The Fake Americans Russia Created to Influence the Election - gregorymichael
https://www.nytimes.com/2017/09/07/us/politics/russia-facebook-twitter-election.html?rref=collection%2Fsectioncollection%2Ftechnology&action=click&contentCollection=technology&region=rank&module=package&version=highlights&contentPlacement=1&pgtype=sectionfront
======
CM30
America influencing elections in other countries and overthrowing leaders: No
one cares, it's for democracy and the US is in the right.

Russia influencing US elections via Twitter bots: End of the world style
panic.

Yeah, I'm not particularly sympathetic here. Especially given how at the end
of the day, this isn't 'hacking' or anything of the sort. It's a bunch of fake
accounts on social media sites, something which has been done to death for
years by individuals, companies and governments alike.

Maybe the US could simply make a bunch of fake Russian accounts to influence
the 2018 Russian election or something too.

------
oldandtired
Elections are about influencing the population to vote in a particular way. It
is quite strange that the sections of the US population who supported Senator
Hillary Clinton are up in arms over the influences undertaken by various
foreign governments, foreign corporations and others.

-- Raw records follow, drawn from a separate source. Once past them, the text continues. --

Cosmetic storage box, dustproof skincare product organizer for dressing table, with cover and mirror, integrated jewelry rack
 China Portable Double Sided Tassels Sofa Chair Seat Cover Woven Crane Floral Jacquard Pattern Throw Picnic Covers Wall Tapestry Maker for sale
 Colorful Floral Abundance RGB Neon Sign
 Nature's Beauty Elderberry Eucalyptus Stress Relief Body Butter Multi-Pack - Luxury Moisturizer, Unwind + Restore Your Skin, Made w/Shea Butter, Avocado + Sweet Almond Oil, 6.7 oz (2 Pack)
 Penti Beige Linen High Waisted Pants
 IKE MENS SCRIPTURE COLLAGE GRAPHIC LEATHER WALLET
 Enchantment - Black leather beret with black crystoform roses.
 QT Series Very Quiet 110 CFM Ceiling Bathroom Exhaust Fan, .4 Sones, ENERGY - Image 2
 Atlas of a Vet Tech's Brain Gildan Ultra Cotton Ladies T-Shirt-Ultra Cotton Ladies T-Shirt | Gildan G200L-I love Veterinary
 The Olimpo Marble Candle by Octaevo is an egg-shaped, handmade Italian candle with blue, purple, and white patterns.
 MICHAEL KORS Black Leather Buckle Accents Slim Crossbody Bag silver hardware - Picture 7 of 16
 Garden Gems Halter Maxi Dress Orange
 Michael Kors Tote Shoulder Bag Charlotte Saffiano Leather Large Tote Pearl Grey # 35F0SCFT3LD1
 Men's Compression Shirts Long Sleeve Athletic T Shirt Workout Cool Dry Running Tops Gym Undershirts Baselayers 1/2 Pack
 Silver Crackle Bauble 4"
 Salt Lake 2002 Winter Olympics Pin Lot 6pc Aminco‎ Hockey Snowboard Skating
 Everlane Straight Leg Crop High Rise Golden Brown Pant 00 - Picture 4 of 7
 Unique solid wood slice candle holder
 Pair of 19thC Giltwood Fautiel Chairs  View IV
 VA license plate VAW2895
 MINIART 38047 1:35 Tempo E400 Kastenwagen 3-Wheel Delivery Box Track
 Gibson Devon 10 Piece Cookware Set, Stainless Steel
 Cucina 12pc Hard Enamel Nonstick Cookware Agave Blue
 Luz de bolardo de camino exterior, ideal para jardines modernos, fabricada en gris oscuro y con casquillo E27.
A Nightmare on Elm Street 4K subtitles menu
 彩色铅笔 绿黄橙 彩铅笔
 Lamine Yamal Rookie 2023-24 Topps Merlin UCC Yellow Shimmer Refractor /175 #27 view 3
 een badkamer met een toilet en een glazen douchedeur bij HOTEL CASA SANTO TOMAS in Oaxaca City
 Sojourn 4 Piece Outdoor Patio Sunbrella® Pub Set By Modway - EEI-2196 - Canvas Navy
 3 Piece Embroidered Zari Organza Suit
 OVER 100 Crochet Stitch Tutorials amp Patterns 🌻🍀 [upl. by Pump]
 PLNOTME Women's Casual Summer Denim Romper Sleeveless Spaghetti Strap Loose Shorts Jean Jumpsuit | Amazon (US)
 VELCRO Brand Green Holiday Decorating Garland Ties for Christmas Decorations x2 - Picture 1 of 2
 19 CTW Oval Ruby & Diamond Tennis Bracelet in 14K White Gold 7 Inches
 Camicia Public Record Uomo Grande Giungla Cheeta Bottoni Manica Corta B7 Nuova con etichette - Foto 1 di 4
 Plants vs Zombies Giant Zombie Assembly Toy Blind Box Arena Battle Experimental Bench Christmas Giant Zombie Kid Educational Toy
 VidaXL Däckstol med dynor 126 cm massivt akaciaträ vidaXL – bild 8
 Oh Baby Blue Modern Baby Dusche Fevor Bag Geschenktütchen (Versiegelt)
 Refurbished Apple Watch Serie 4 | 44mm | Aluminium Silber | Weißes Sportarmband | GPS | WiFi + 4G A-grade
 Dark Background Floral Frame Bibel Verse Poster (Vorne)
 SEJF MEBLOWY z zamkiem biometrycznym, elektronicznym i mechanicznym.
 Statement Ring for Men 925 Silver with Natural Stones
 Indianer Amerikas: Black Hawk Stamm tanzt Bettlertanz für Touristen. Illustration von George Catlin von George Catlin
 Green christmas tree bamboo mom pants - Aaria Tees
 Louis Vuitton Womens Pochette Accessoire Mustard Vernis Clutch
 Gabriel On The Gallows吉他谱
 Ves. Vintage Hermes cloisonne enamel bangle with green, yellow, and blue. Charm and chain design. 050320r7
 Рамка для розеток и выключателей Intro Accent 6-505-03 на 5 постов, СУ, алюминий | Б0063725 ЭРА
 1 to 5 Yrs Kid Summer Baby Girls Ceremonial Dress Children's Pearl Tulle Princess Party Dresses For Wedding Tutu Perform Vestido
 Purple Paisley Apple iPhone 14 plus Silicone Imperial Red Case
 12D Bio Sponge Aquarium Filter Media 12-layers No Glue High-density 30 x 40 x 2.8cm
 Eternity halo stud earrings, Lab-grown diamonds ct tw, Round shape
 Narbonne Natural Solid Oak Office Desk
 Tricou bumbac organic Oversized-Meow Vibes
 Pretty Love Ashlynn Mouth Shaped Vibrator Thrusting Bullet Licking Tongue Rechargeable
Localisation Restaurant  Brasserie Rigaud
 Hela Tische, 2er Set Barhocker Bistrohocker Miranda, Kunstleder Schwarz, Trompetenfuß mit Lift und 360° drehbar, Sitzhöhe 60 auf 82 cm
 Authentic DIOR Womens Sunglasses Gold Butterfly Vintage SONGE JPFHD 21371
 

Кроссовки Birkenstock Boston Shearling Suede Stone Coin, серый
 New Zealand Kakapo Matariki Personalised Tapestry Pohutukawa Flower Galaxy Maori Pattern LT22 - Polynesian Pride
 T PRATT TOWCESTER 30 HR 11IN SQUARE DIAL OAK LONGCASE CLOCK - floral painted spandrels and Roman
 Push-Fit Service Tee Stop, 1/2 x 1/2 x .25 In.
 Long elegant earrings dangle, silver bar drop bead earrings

Especially in the light of how often the US government in the past (as well as
US corporations and others) made huge efforts to influence the elections of
other countries.

I watched your election over the many months that it took to play out and I
mostly shook my head. The corruption on both sides, the basic lack of
exhibited critical thinking on behalf of the majority of the voting
population. You had a bigger choice than just Clinton and Trump, but
everything was about those two.

You have a bigger choice than Republican and Democrat and yet all the news was
about those two. The aftermath was a shmozzle with various sections declaring
that your new president was no president of theirs. Strangely enough, I
thought a couple of the presidential alternatives were more likely to be
better presidents for your nation. Of course, that is only an outsider's
opinion and they could have been much worse.

But, you won't know now. In discussions here, I noted that both of the leading
candidates were a very bad fit for the health of the US. History is telling me
now that I wasn't too far off from the reality that is being experienced.

We are about to undergo a national plebiscite over a matter here.
Interestingly enough, even if the vote comes back "No", it will mean nothing
by this time next year. No matter what parliamentary system you have, as long
as the it is fully independent of the voting population, then the voting
population has no say in what is brought up as legislation and law.

How often, do I see studies by non-partisan groups in your own country
highlighting that you are a nation of felons and the vast majority of you have
no clue of this legal status, simply because your various legislatures (state
and federal) have created so much law that works against the citizens of your
nation.

You should be more concerned over the current politicians and who actually
owns them than ever be concerned over what some foreign government does during
a quite inconsequential presidential election. Presidents come and go, you
only have them for a maximum period of 8 years. But your bought and paid for
representatives and senators at both state and federal level can be there for
many decades.

You have such a treasure in your constitution but you don't actually value it
as such. So much lip service given to it but you allow you governments and
associated law enforcement and courts to trample it into the ground. Just the
concept of "Jury Nullification" which is, by all appearances, anathema to the
courts, is such an incredible freedom for you.

You have so much, but you have allowed it to be corrupted to the point of
uselessness.